Electrons produced in the head of the accelerator and in air intervening between the accelerator and the patient may be called contamination electrons. The interaction of these electrons in and just beyond the buildup region contributes significantly to the dose, especially if the field is large. Figure 7.3 illustrates contamination electron depth–ionization curves for a variety of megavoltage photon beams obtained by magnetically sweeping electrons out of the photon field (22). When the depth axis is normalized to the depth at which the contamination falls to 50% of its maximum value, the curves are nearly energy independent.
CPE does not exist near the field penumbra. In fact, for most linear accelerators most of the field penumbra is due to the fall of equilibrium as electrons that leave the field are not replenished from outside the field. CPE is established only at points farther from the field boundary than the lateral range of electrons.

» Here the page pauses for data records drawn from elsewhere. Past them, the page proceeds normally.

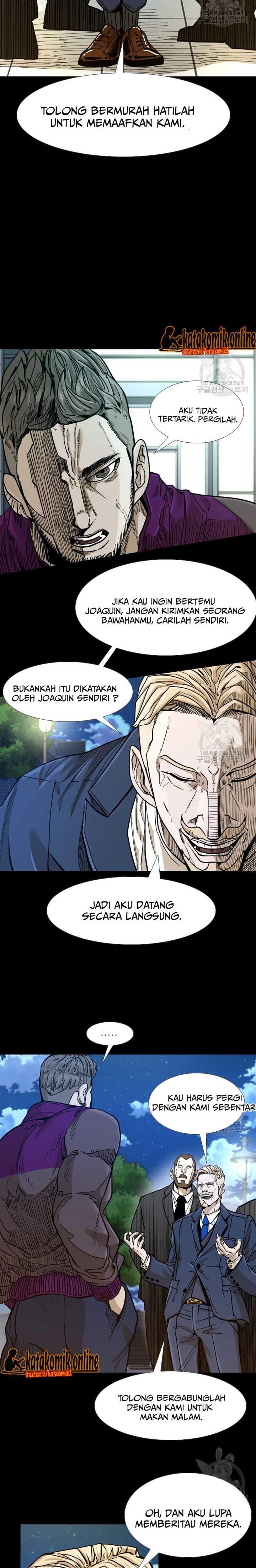 image-komik-shark-chapter-270-16/22
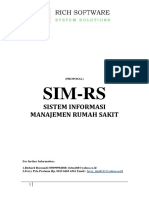 1_SIM-RS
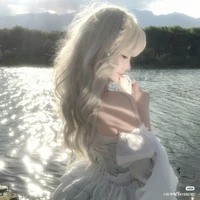 Tg / Onnie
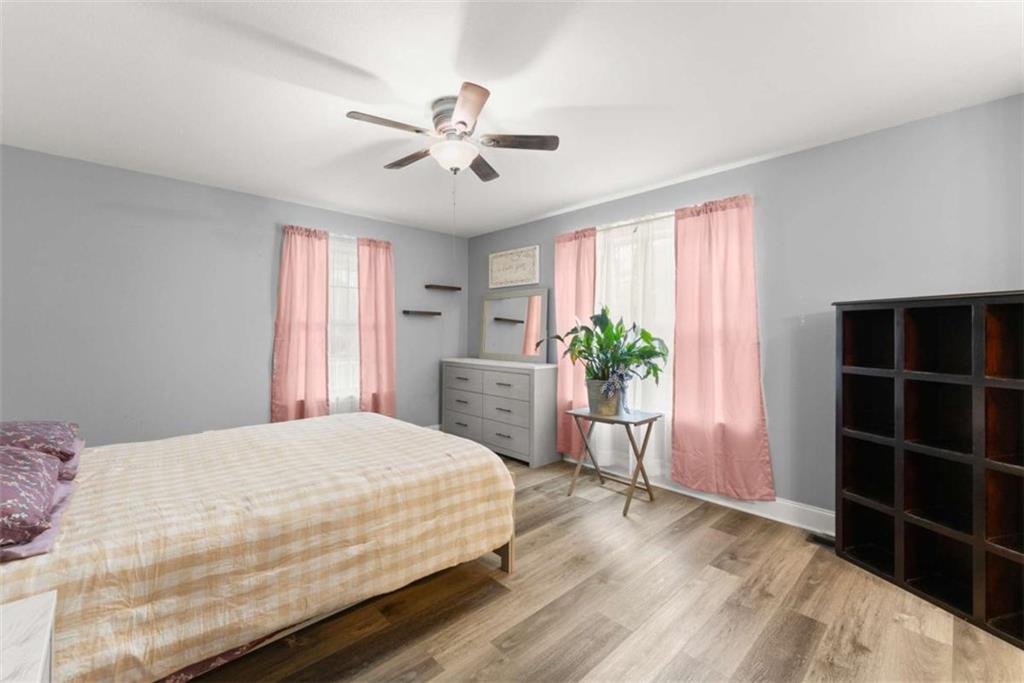 104 View Street Clarkesville, GA 30523 - Photo 16 of 28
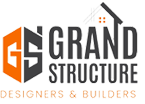 Grand Structures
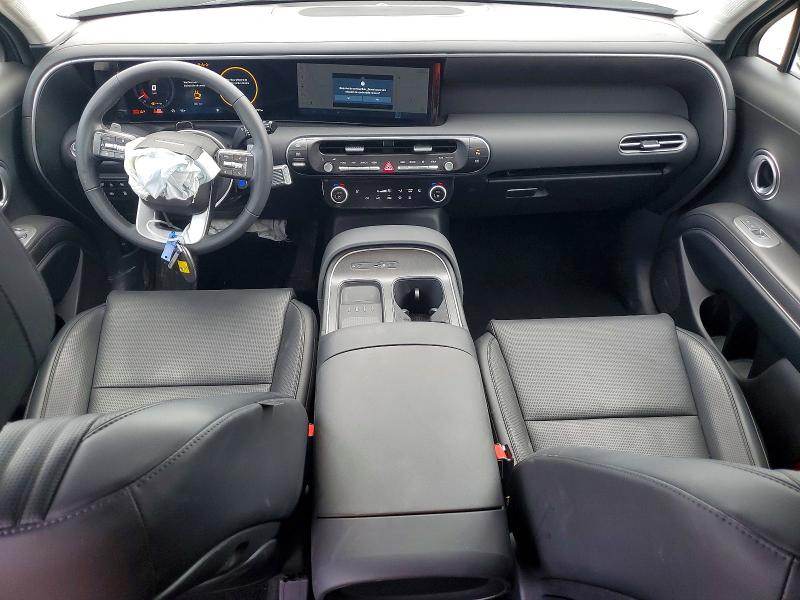 Продажа на аукционе авто 2026 Hyundai Palisade, vin: KM8RL5S20TU071198, номер лота: 61570486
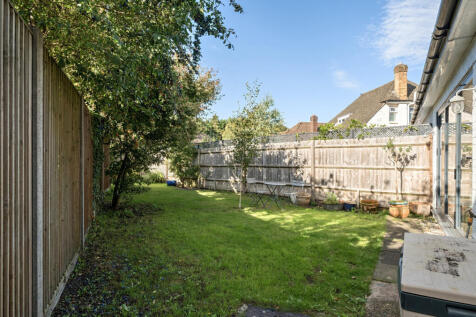 1356955-2-68cd6dd...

Perturbation in electron transport can be exaggerated near heterogeneities. For example, the range of electrons is three to five times as long in lung as in water, and so beam boundaries passing through lung have much larger penumbral regions. Bone is the only tissue with an atomic composition significantly different from that of water. This can lead to perturbations in dose of only a few percent (23), and so perturbations in electron scattering or stopping power are rarely taken into account. Bone can therefore be treated as “high-density water.”
Algorithms for Dose Computation
Traditionally, a patient dose distribution was based on correcting dose measurements obtained in a water phantom. Several types of corrections are applied as follows:
Corrections for beam modifiers, such as wedges, blocks (irregular fields), and compensators, which take into account that a typical field is not the measured open field (i.e., without modifiers)
Contour corrections, which take into account the irregular surface of the patient as opposed to the flat surface of a water phantom
Heterogeneity corrections, which take into account that the patient consists of heterogeneous tissue densities instead of a homogeneous tank of water
The magnitude of the correction is much different for each type of correction. Beam modifier corrections are the most important. For example, 60 degrees beam wedges may result in the fluence under the heel (thick end) of the wedge to be a factor of 3 to 5 less than under the toe of the wedge. Beam intensity in intensity-modulated radiotherapy may vary by a factor of 10. Heterogeneity corrections can result in -10% to +30% change in the dose distal to lung, depending on the size of the field and the lung thickness (24). Under conventional coplanar radiotherapy, contour corrections were the least important, especially if missing tissue compensators were used. Often, these compensators were designed on the basis of missing tissue only, and the errors in this inherent assumption were rarely >3% (25). However, contour corrections are more important than inhomogeneity corrections for relatively homogeneous treatment regions such as the abdomen.